La manifestation initiée par Maurice Kamto, leader de l’opposition politique au Cameroun, a bien eu lieu. Malgré les menaces du pouvoir d’user et d’abuser de sa force, une foule a pris le risque de descendre dans la rue, de défier l’autorité et de répondre favorablement à l’appel de celui qui incarne à leurs yeux un Cameroun nouveau.
Certes, la peur a dissuadé de nombreuses personnes. Mais, dans un pays où aucune manifestation de l’opposition politique n’est tolérée, Maurice Kamto peut se réjouir de la détermination de ceux qui ont osé braver les menaces. Il sort grandi de cette nouvelle épreuve.
Cette manifestation aurait pu, de manière consensuelle, réunir tous les partis de l’opposition politique. Beaucoup n’ont pas voulu s’associer au MRC. Ils ont eu tort. L’histoire donnera raison à ceux qui ont participé. Car, qu’on le veuille ou non, les conditions sont réunies pour une alternance politique qui conduira vers l’émergence d’un Cameroun à la traîne.
Les raisons d’une manifestation pacifique et responsable
Que peut-on bien reprocher au régime du Renouveau ? La liste est longue. Mais nous formulerons les griefs les plus récurrents :
- L’usure du pouvoir après 38 ans de règne sans partage ;
- Les acteurs politiques indéboulonnables ;
- L’absence de Paul Biya sur la scène politique nationale, africaine et internationale (on ne peut pas diriger un pays en s’enfermant dans son palais) ;
- La pauvreté organisée ;
- Le pillage méthodique de la fortune publique ;
- Une justice aux ordres ;
- Un scrutin électoral faussé d’avance :
- La gestion opaque des richesses du pays ;
- L’absence de perspectives et de volonté politique pour un changement ;
- La corruption endémique ;
- Le tribalisme ;
- Les inégalités sociales ;
- La guerre au Noso ;
- Le non renouvellement des cadres politiques et des gestionnaires de la fortune publique, etc.
Cette liste n’est pas exhaustive. Mais elle reflète assez bien les maux qui minent une vieille autocratie incapable de se remettre en cause car elle est pilotée d’octogénaires. Or, l’âge médian au Cameroun, pays jeune, est de 19 ans. Un octogénaire peut-il encore gérer une population de jeunes loups irascibles et aux dents pointues qui naviguent, à travers Internet, dans un monde sans frontière ?

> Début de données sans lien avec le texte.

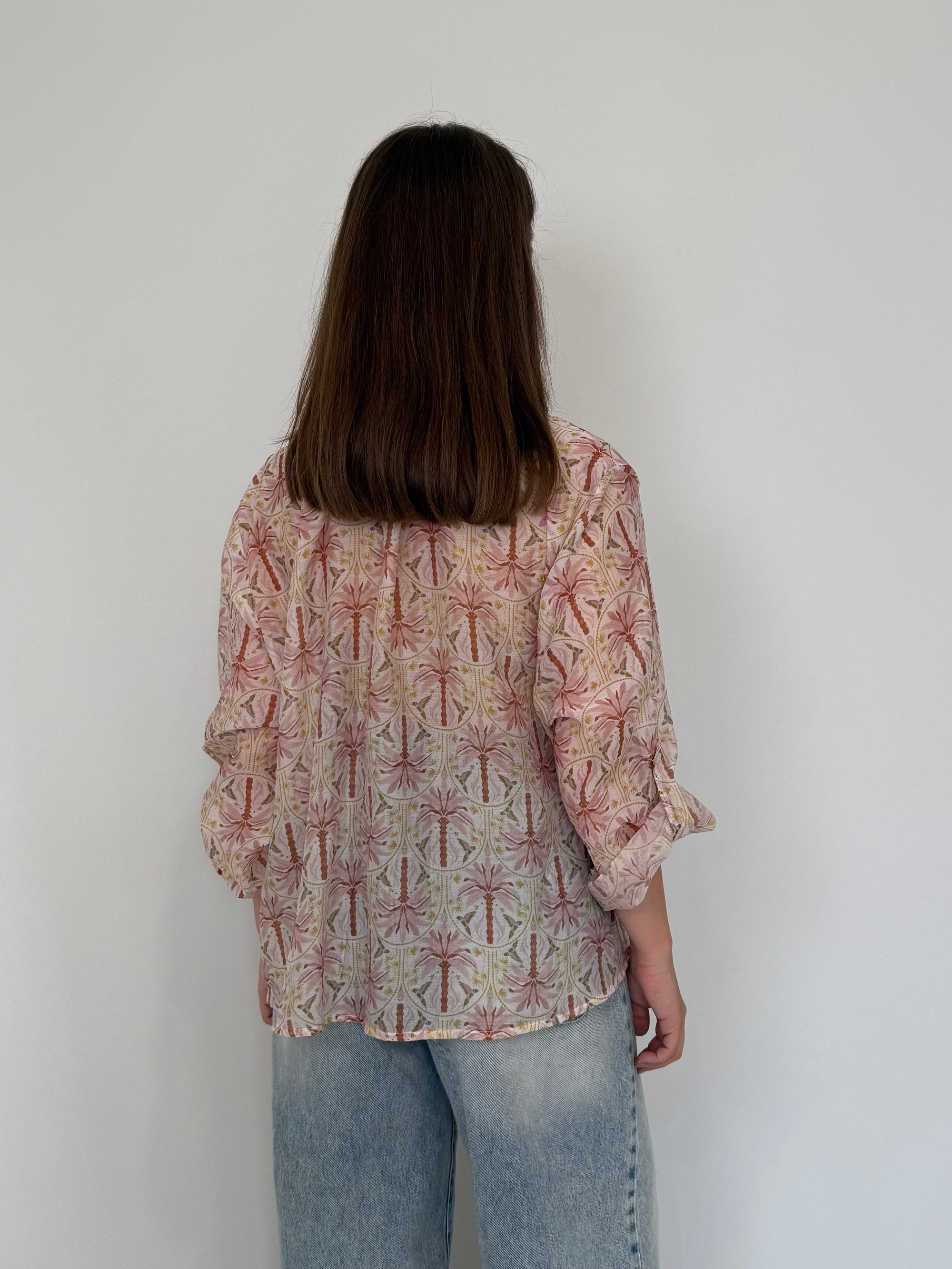 Haveone - Camicia palme rosa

Certains s’empresseront de dire que la manifestation du 22 septembre est un flop. Ils ont tort d’apporter des jugements sommaires dans un climat refroidi par la peur, les menaces, les injonctions et la brutalité des forces de l’ordre. Un sentiment de frustration anime toujours celles et ceux qui n’ont pu manifester. Des femmes et des hommes ont été séquestrés et muselés. Maurice Kamto a été embastillé dans son domicile. D’autres cadres du MRC n’ont pu rejoindre la manifestation. La police en éveil siégeait à leurs domiciles.
Le Comité pour la Protection des Journalistes (CPJ) a dénoncé l’arrestation de quatre journalistes qui exerçaient leur métier d’informer. Certains médias déplorent des morts et des arrestations arbitraires et plusieurs cas de violation de droit de l’homme ont été signalés. Face à tous ces abus, le pouvoir peut-il encore se réjouir de l’ordre républicain rétabli ?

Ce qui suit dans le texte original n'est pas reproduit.